◆ EXCERPTED DATA:
══════

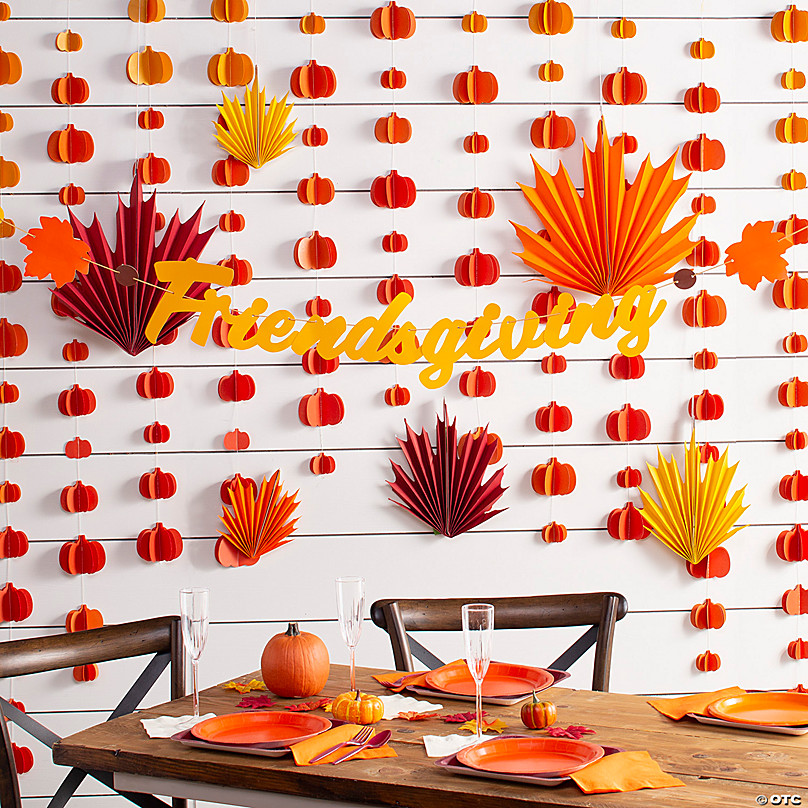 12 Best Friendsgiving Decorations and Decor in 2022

══════

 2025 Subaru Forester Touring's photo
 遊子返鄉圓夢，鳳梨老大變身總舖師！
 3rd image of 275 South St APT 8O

══════

◆ ACTIVITY: Beginning at the line above with "遊子返鄉圓夢，鳳梨老大變身總舖師！" and finishing at the line with "3rd image of 275 South St APT 8O", return each line exactly and return nothing else.

◆ REPLY:
 遊子返鄉圓夢，鳳梨老大變身總舖師！
 3rd image of 275 South St APT 8O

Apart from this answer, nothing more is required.